Sono convinto che sia di estrema importanza una seria riflessione sulle possibilità e capacità dell'anarchia di diventare realizzabile. Fin dal momento in cui, qualche decennio fa, mi sono sentito affascinato dalle idee e dalla proposta politica di nuova vita associata che pone, ne sono stato letteralmente conquistato, come sono convinto sia successo a molti/e compagni e compagne che conosco e molti/e altri/e che non conosco. Da allora sono stato spinto ad una ricerca continua della nostra storia, delle nostre vicende trascorse e dello sviluppo plurimo del nostro pensiero, con lo scopo di comprendere cosa e come fare per contribuire alla sua concreta realizzazione.

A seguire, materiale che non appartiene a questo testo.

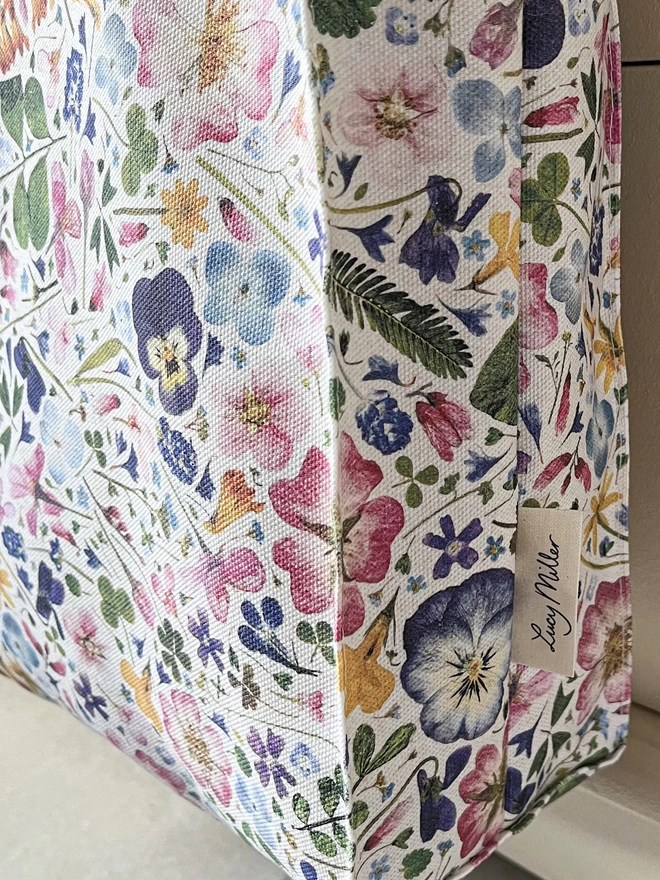 Side view showing the deep gusset of a flower print shopping bag. A great gift for outdoor lovers.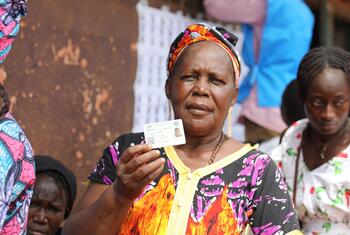 A woman in Central African Republic holds up her voter ID card at a polling station during the 2025-2026 elections.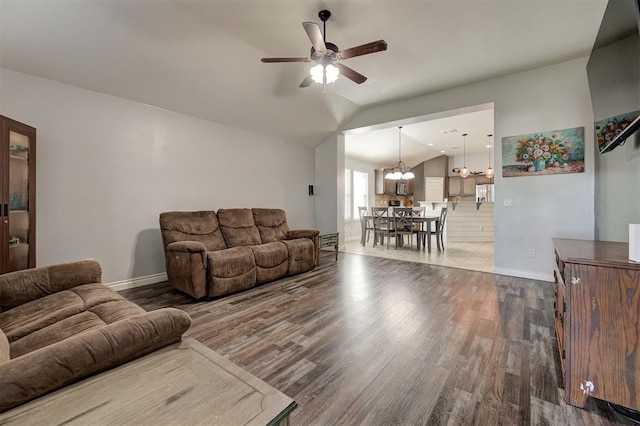 living area with baseboards, vaulted ceiling, wood finished floors, and ceiling fan with notable chandelier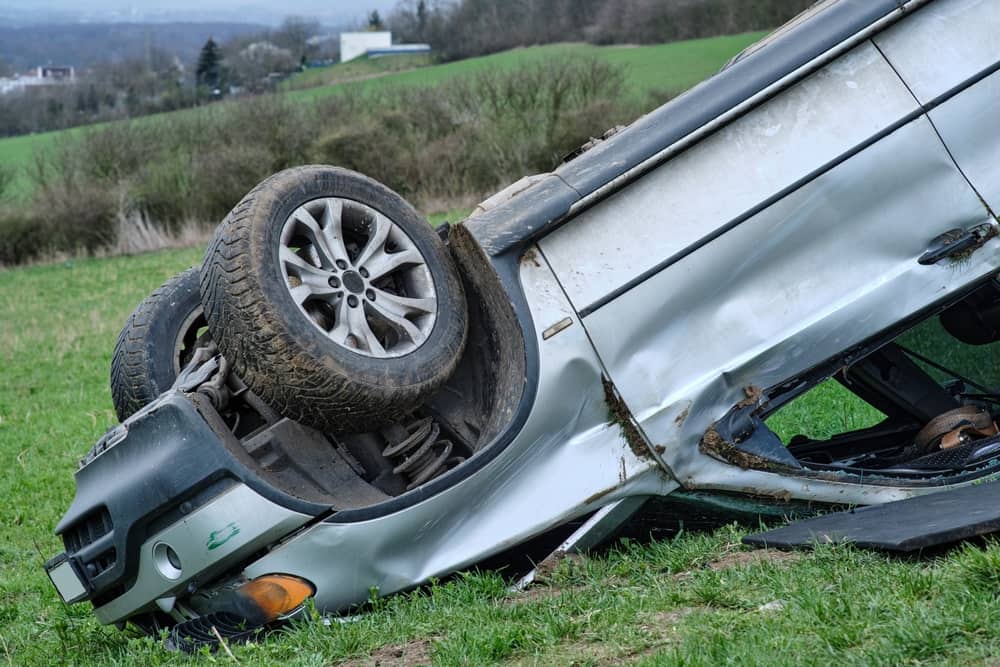 Overturned vehicle resting on its roof in a field after a rollover accident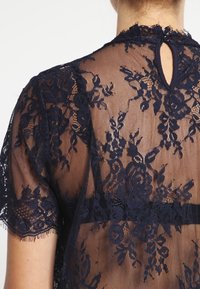 Blusa in pizzo blu navy con motivi floreali, tessuto trasparente, maniche corte e dettaglio a chiave sulla schiena chiuso da un bottone.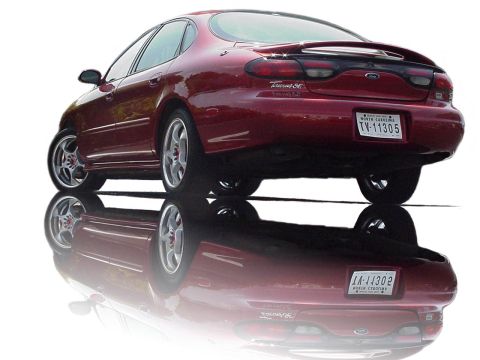 1998 Ford Taurus - Rear view of a red 1998 Ford Taurus SE sedan with custom wheels.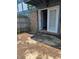 Back patio area with sliding glass door access to interior and enclosed wooden fence at 9794 Kingscross Ct, Indianapolis, IN 46235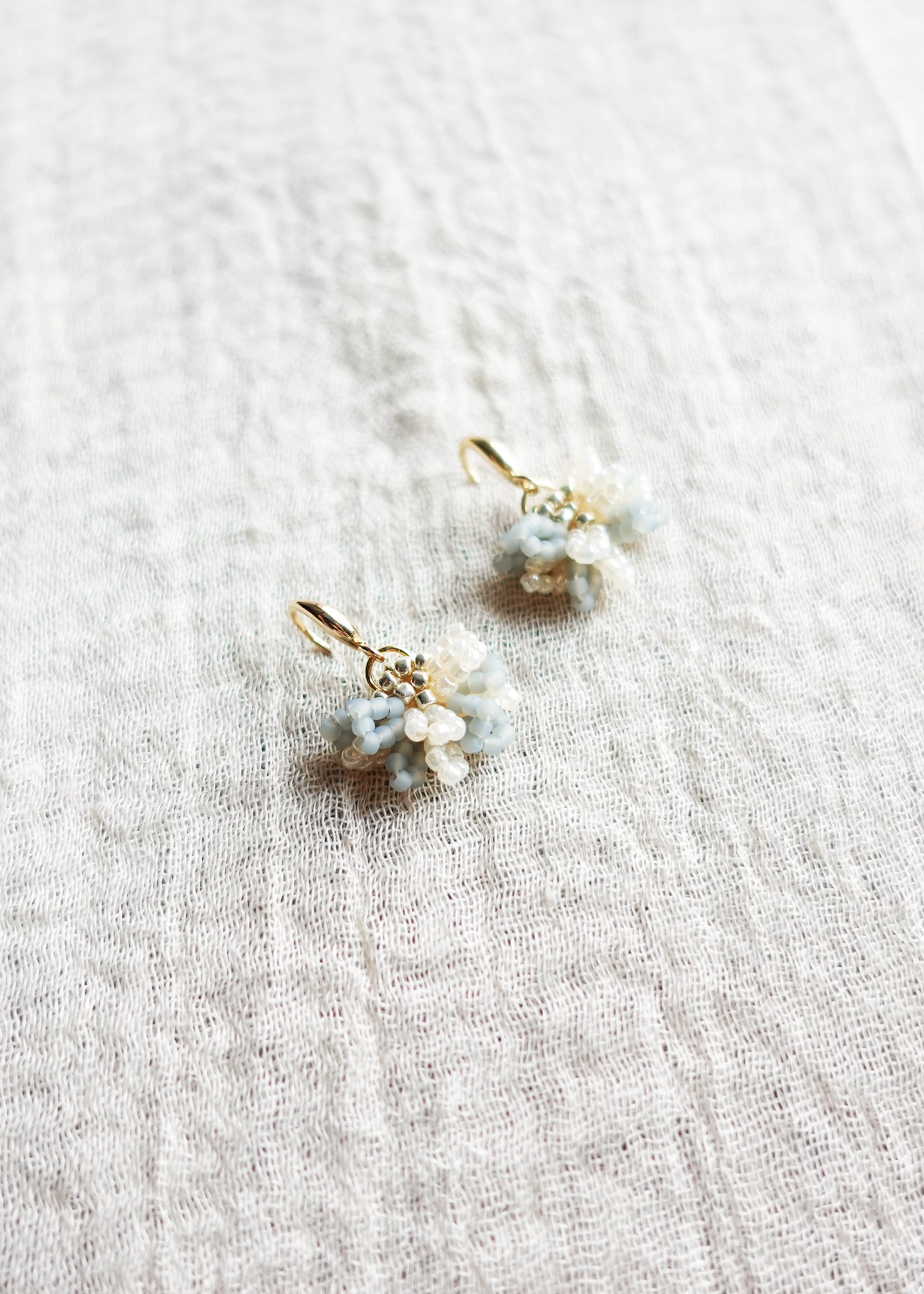 Camellia Bicolor Drop Earrings in Smoke Grey Left Bottom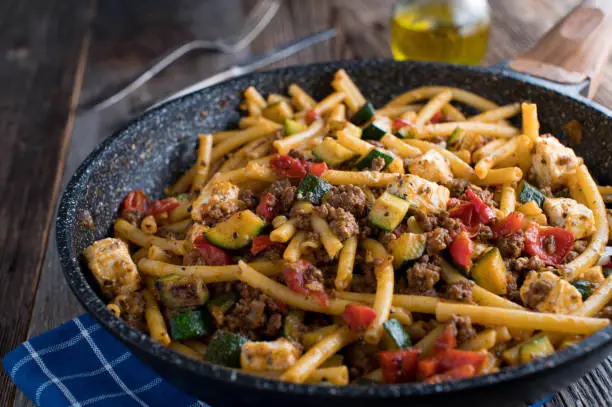 Delicious homemade cooked one pan dish, greek style food with macaroni, ground beef, feta cheese and mediterranean vegetables. Served ready to eat isolated on wooden table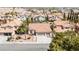Aerial view of a single-Gathering home featuring mature trees, well-kept lawns, and a terracotta roof at 8326 Mount Nido Dr, Las Vegas, NV 89147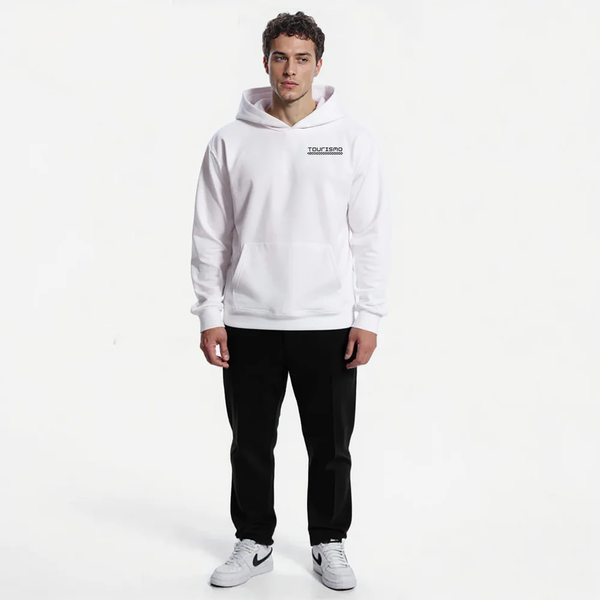 Sweat blanc pour homme avec logo noir Tourismo, pantalon noir classique, baskets Nike blanches. Look minimaliste et contrasté, modèle face caméra, bras le long du corps, fond blanc épuré.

È pur vero che per sentirsi anarchici e vivere il più coerentemente possibile coi nostri principi, come per forza di cose avviene ora per tutti noi, non c'è bisogno di essere in anarchia, proprio per l'insieme di valori di libertà che abbiamo abbracciato. Per questo modo d'intendere abbiamo anche un maestro, Emile Armand (1), il quale sottolinea innanzitutto l'aspetto esistenzialista della nostra idea, fino a non ritenere importante la trasformazione rivoluzionaria della società. È però altrettanto e oltremodo vero che un simile approccio non soddisfa, né può farlo, la maggior parte di noi, che siamo cresciuti, e continuiamo a riconoscerci, all'interno dell'anarchismo per come si è storicamente determinato: movimento di lotta rivoluzionaria, sorto in parallelo e all'interno del movimento internazionale dei lavoratori, per l'emancipazione della società dai poteri costituiti del dominio autoritario e dallo sfruttamento economico.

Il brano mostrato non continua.